Wednesday, 2 August 2017

Critical Week: The boys of summer

It's been another eclectic week for London-based film critics. One of the more intriguing films we watched was the Sundance award winner Beach Rats, a remarkably thoughtful, personal exploration of identity featuring a star-making performance from Harris Dickinson. At the other end of the cinematic spectrum is The Emoji Movie, an uneven animated comedy adventure that has its moments but isn't good enough to be memorable. Mothers cut loose in Fun Mom Dinner, which has a strong cast (Kate Aselton, Toni Collette, Molly Shannon, Bridget Everett) and a nicely believable approach to outrageous antics, but is perhaps too similar to recent movies like Girls Trip.

Further afield, the effectively creepy Irish thriller Pilgrimage is given some oomph with the casting of Tom Holland, Jon Bernthal and Richard Armitage in its grisly 13th century tale of religious fervour. From Hungary, On Body and Soul is the involving, offbeat Berlin-winning romantic drama about a one-armed businessman and an obsessive-compulsive quality-control scientist. InSyriated explores a claustrophobic situation in Damascus in the style of a real-life horror movie we can't help but resonate with. Kept Boy is a rather awkward black comedy about a strained gay relationship. And I watched two documentaries to discuss on a TV chat show: Get Me Roger Stone is a chilling profile of the man who essentially created every Republican president from Nixon onwards (it's reviewed on the site), and then there's this one...

Warriors From the North
dir Nasib Farah, Soeren Steen Jespersen; with The Shadow, Abukar Nuur, Nasib Farah, Abdi Aziz, Mohamed Ali Omar, Sheikh Sharif Ahmed 
15/Den ****
This haunting, rather grim hour-long documentary skilfully avoids sensationalism as it explores the incendiary issue of young immigrants in Europe who are caught up in radicalisation. It's framed as the story of a young man who travelled to Somalia from Copenhagen, leaving his friend and father (Nuur) looking for him, which makes the film startlingly personal.
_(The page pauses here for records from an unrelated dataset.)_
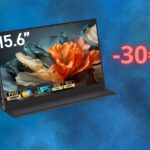 Monitor portatile in SCONTO con coupon gratis su Amazon: un'ottima offerta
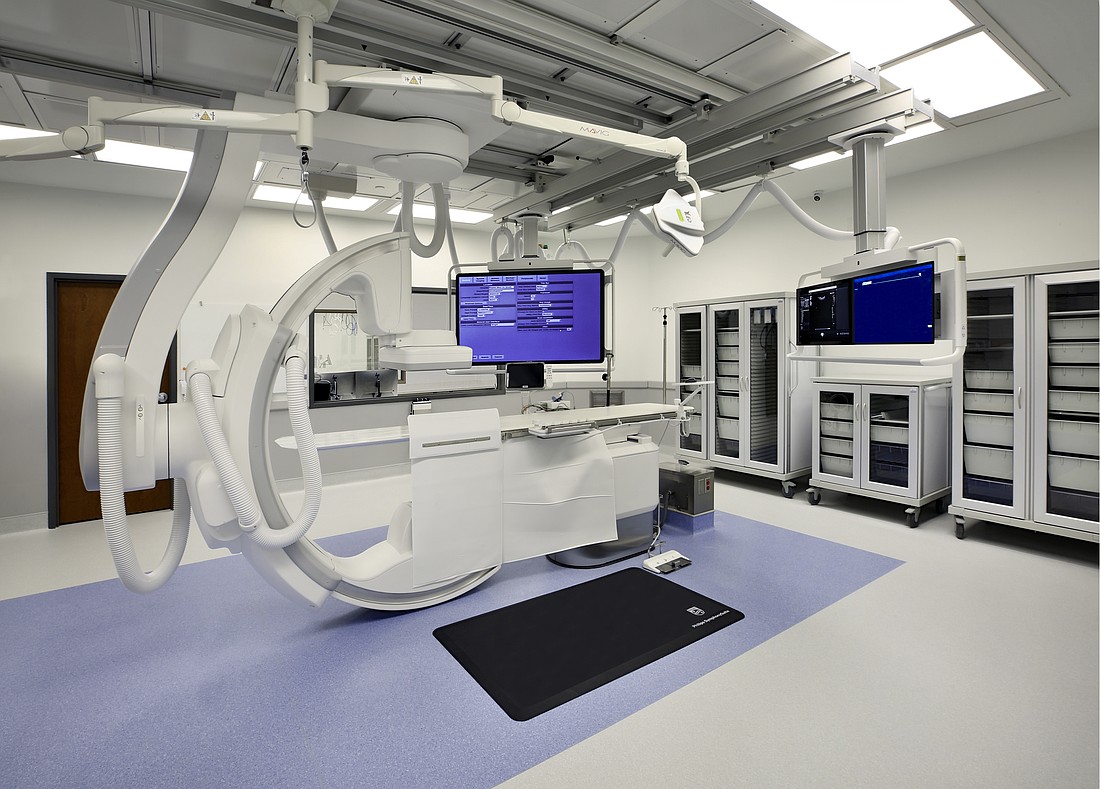 First Coast Cardiovascular Institute, 7011 AC Skinner Parkway, Jacksonville, 32256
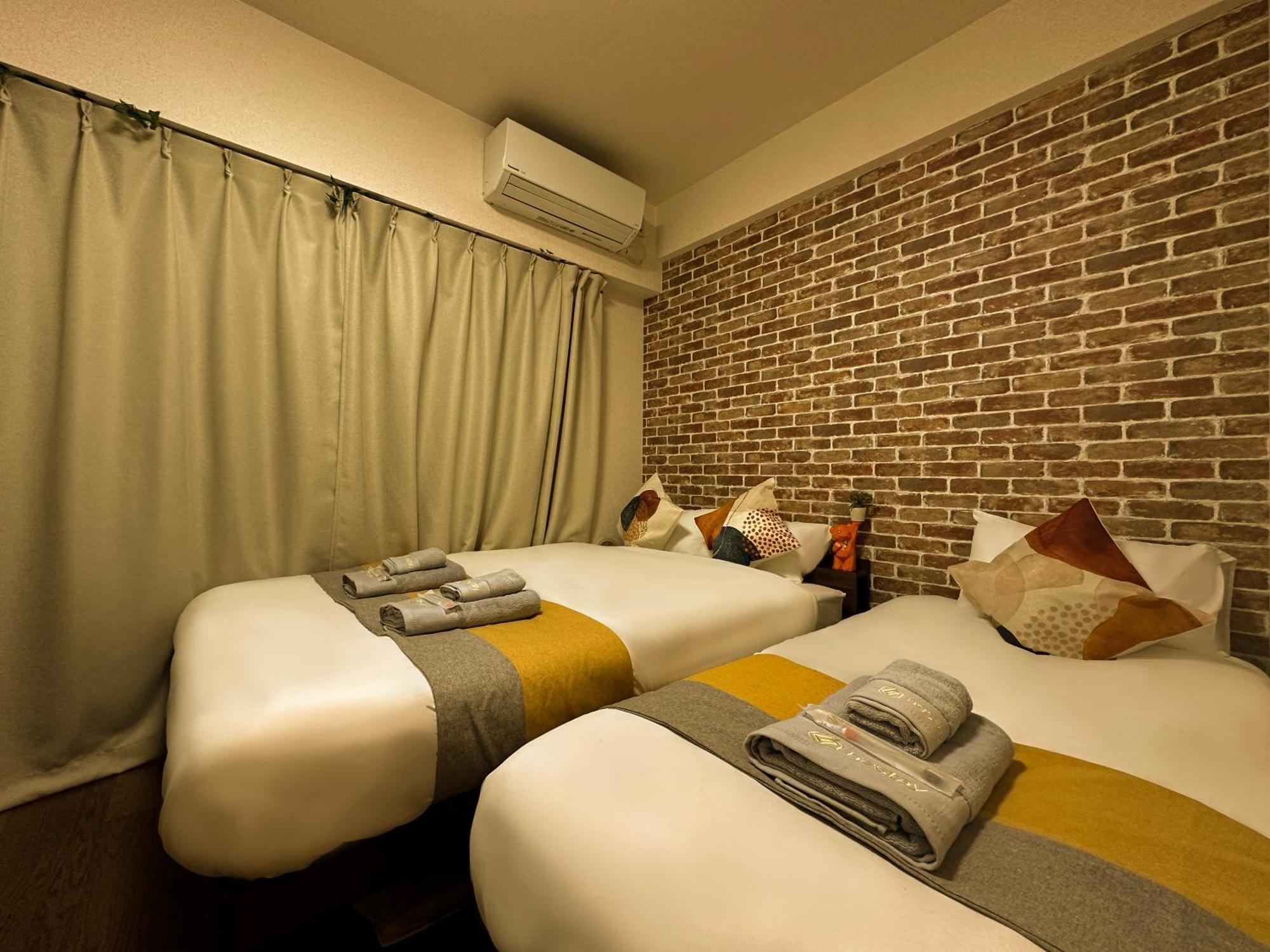 Appartement Nestay Ikebukuro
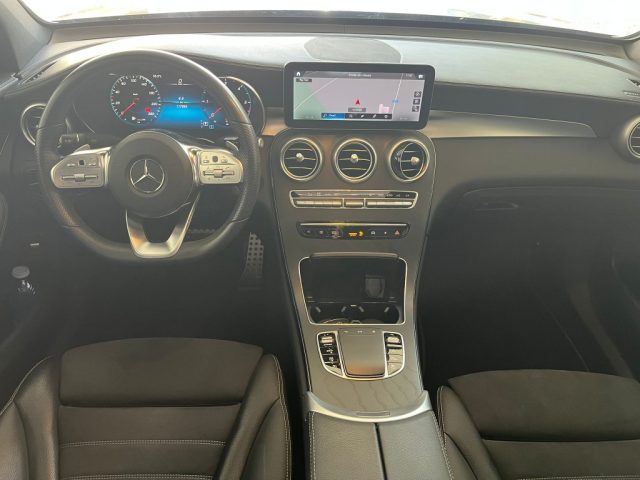 MERCEDES-BENZ GLC 220 usata, con Immobilizzatore elettronico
The friend calls himself "The Shadow", and vividly describes how it feels to be an aimless youth drawn into the brotherhood of al-Shabab. His narration provides an angle we rarely hear behind the shouty, fear-based headlines. The filmmakers include horrific footage of bombings, as well as training films and suicide videos, plus another telling account from a British man (Omar) who went to Somalia but left al-Shabab when he saw that they were more interested in killing civilians than soldiers. The film is beautifully shot and edited, and taps vividly into the vulnerabilities of young migrants who are marginalised in society and singled out by police, making them easily manipulated into believing that their religion condones murder, which it doesn't.

Coming up this week, we have Charlize Theron in Atomic Blonde, Jamie Bell in 6 Days, the hockey-antics sequel Goon: Last of the Enforcers, the Tel Aviv drama In Between and the musical odyssey London Symphony.